● **Task item**:
The result must match the data exactly, line for line.

● **Material provided**:
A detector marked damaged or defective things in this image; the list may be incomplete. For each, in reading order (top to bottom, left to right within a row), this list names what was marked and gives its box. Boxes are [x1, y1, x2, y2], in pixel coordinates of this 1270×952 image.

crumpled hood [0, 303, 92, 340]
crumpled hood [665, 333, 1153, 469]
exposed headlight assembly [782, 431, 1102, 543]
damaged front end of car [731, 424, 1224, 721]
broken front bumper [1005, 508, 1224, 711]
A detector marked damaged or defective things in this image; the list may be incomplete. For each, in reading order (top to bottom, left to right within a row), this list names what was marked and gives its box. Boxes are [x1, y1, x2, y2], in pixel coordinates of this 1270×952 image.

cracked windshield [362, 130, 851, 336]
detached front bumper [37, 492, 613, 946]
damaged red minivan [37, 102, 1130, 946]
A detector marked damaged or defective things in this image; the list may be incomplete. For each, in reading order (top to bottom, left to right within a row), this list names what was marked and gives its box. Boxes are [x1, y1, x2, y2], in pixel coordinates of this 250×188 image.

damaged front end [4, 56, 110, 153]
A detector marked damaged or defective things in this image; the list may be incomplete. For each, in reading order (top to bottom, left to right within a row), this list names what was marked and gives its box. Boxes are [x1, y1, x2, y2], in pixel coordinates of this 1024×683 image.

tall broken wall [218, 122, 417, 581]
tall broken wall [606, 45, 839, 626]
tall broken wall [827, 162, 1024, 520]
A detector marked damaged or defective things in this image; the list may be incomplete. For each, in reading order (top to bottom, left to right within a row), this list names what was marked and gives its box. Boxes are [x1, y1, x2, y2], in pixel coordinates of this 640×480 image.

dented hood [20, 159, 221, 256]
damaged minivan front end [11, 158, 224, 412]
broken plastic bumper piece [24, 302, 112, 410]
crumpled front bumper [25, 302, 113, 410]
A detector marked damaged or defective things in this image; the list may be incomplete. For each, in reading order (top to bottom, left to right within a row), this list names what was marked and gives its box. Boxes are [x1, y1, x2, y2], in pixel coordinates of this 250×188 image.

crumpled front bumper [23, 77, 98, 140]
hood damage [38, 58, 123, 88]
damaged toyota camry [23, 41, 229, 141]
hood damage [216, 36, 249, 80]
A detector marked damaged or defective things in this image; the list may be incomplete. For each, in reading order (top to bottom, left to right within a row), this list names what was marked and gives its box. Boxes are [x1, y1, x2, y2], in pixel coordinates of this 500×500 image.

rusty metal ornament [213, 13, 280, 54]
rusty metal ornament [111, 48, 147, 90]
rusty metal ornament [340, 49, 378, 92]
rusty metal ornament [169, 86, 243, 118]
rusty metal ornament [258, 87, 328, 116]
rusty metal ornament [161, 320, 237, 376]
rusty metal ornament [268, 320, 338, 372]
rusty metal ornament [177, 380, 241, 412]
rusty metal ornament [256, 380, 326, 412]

● **Solved problem**:
A detector marked damaged or defective things in this image; the list may be incomplete. For each, in reading order (top to bottom, left to right within a row), this list names what was marked and gives its box. Boxes are [x1, y1, x2, y2], in pixel coordinates of this 1270×952 image.

crumpled hood [0, 303, 92, 340]
crumpled hood [665, 333, 1153, 469]
exposed headlight assembly [782, 431, 1102, 543]
damaged front end of car [731, 424, 1224, 721]
broken front bumper [1005, 508, 1224, 711]
A detector marked damaged or defective things in this image; the list may be incomplete. For each, in reading order (top to bottom, left to right within a row), this list names what was marked and gives its box. Boxes are [x1, y1, x2, y2], in pixel coordinates of this 1270×952 image.

cracked windshield [362, 130, 851, 336]
detached front bumper [37, 492, 613, 946]
damaged red minivan [37, 102, 1130, 946]
A detector marked damaged or defective things in this image; the list may be incomplete. For each, in reading order (top to bottom, left to right within a row), this list names what was marked and gives its box. Boxes are [x1, y1, x2, y2], in pixel coordinates of this 250×188 image.

damaged front end [4, 56, 110, 153]
A detector marked damaged or defective things in this image; the list may be incomplete. For each, in reading order (top to bottom, left to right within a row), this list names what was marked and gives its box. Boxes are [x1, y1, x2, y2], in pixel coordinates of this 1024×683 image.

tall broken wall [218, 122, 417, 581]
tall broken wall [606, 45, 839, 626]
tall broken wall [827, 162, 1024, 520]
A detector marked damaged or defective things in this image; the list may be incomplete. For each, in reading order (top to bottom, left to right within a row), this list names what was marked and gives its box. Boxes are [x1, y1, x2, y2], in pixel coordinates of this 640×480 image.

dented hood [20, 159, 221, 256]
damaged minivan front end [11, 158, 224, 412]
broken plastic bumper piece [24, 302, 112, 410]
crumpled front bumper [25, 302, 113, 410]
A detector marked damaged or defective things in this image; the list may be incomplete. For each, in reading order (top to bottom, left to right within a row), this list names what was marked and gives its box. Boxes are [x1, y1, x2, y2], in pixel coordinates of this 250×188 image.

crumpled front bumper [23, 77, 98, 140]
hood damage [38, 58, 123, 88]
damaged toyota camry [23, 41, 229, 141]
hood damage [216, 36, 249, 80]
A detector marked damaged or defective things in this image; the list may be incomplete. For each, in reading order (top to bottom, left to right within a row), this list names what was marked and gives its box. Boxes are [x1, y1, x2, y2], in pixel coordinates of this 500×500 image.

rusty metal ornament [213, 13, 280, 54]
rusty metal ornament [111, 48, 147, 90]
rusty metal ornament [340, 49, 378, 92]
rusty metal ornament [169, 86, 243, 118]
rusty metal ornament [258, 87, 328, 116]
rusty metal ornament [161, 320, 237, 376]
rusty metal ornament [268, 320, 338, 372]
rusty metal ornament [177, 380, 241, 412]
rusty metal ornament [256, 380, 326, 412]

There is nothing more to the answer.